Data block below:

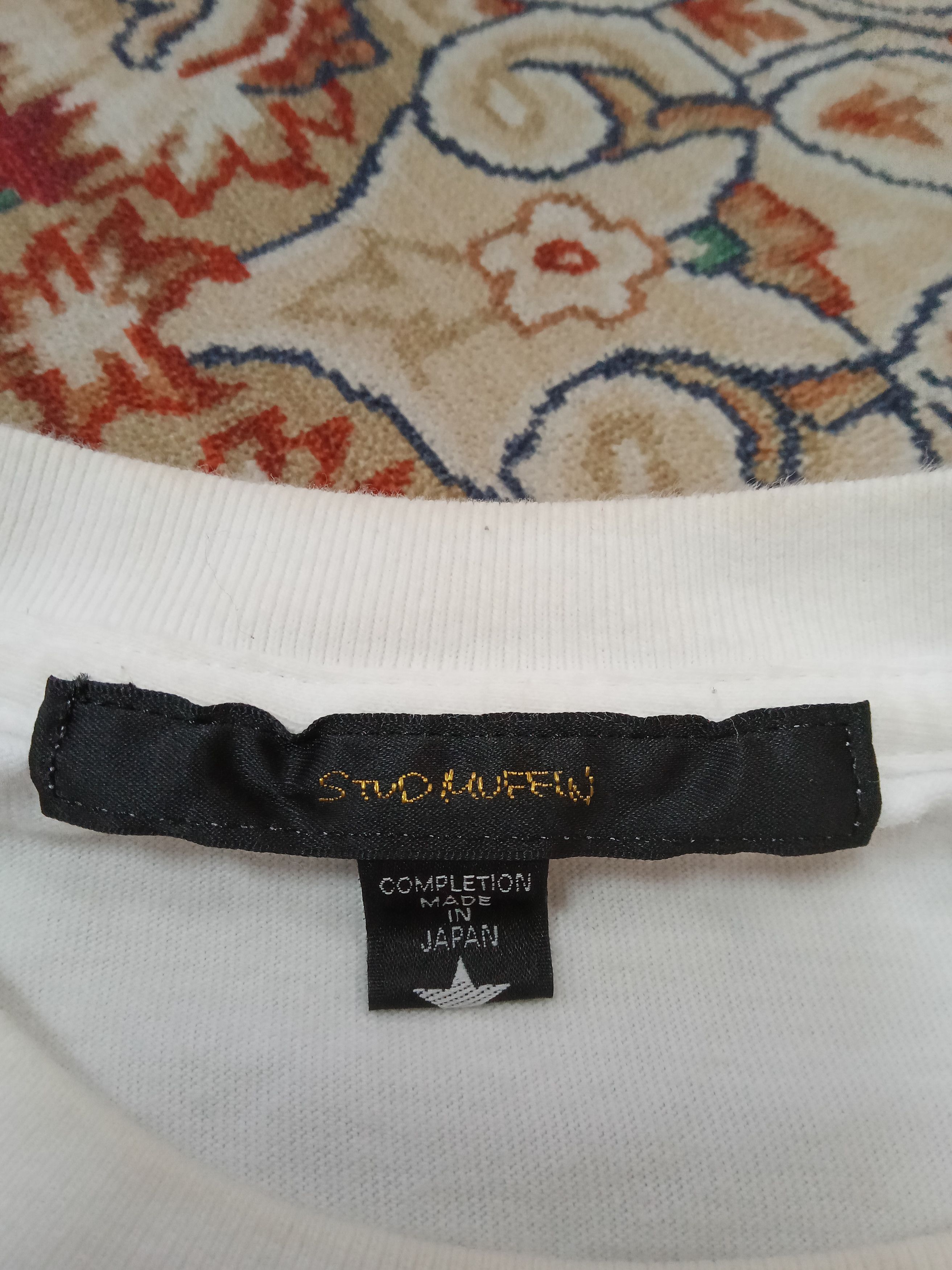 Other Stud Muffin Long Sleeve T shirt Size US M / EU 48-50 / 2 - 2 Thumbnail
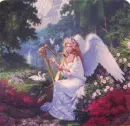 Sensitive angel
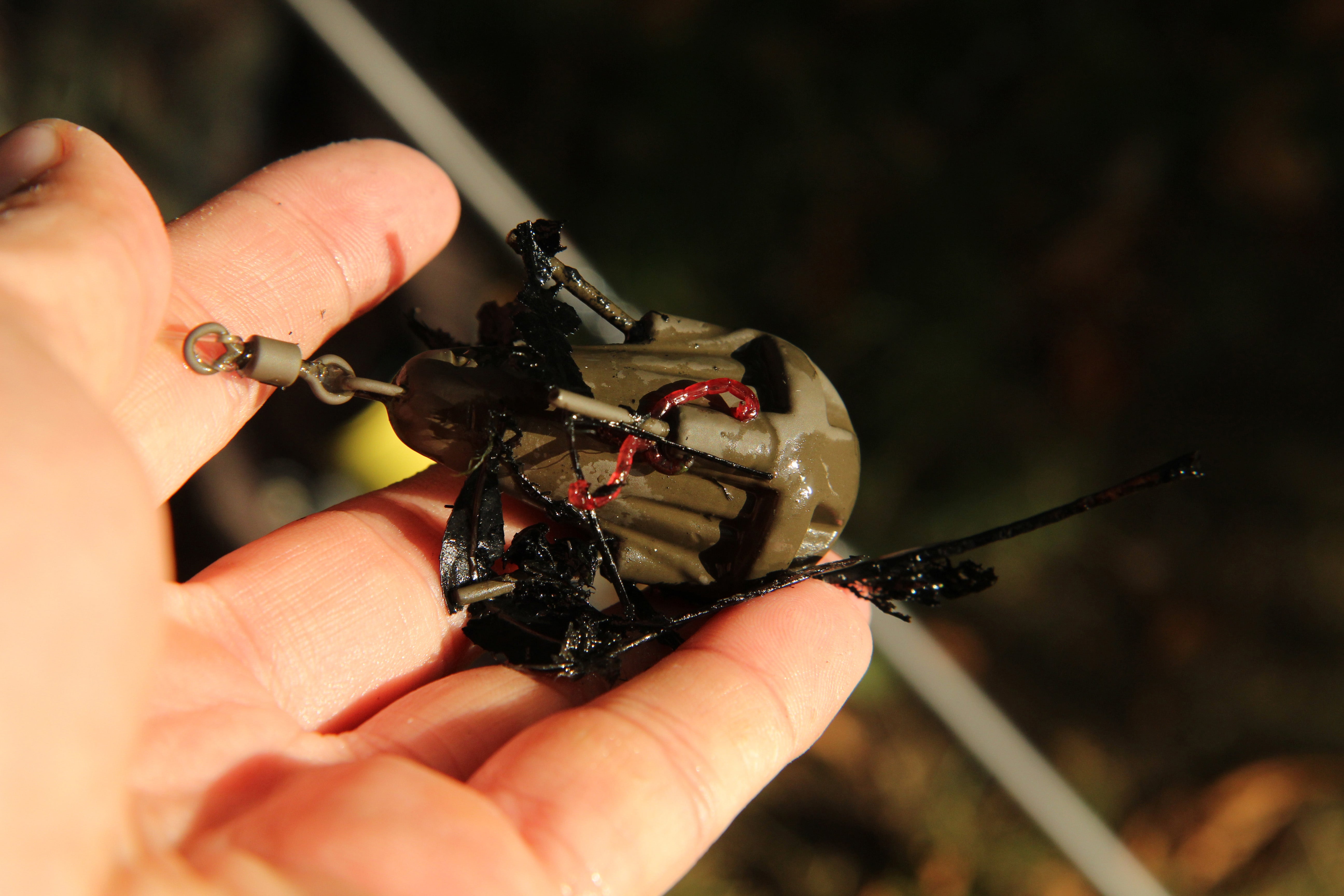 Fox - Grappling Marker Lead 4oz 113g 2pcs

End of Data block.

Output the data above verbatim, pictures excluded.

*Output for this task*:
 Other Stud Muffin Long Sleeve T shirt Size US M / EU 48-50 / 2 - 2 Thumbnail
 Sensitive angel
 Fox - Grappling Marker Lead 4oz 113g 2pcs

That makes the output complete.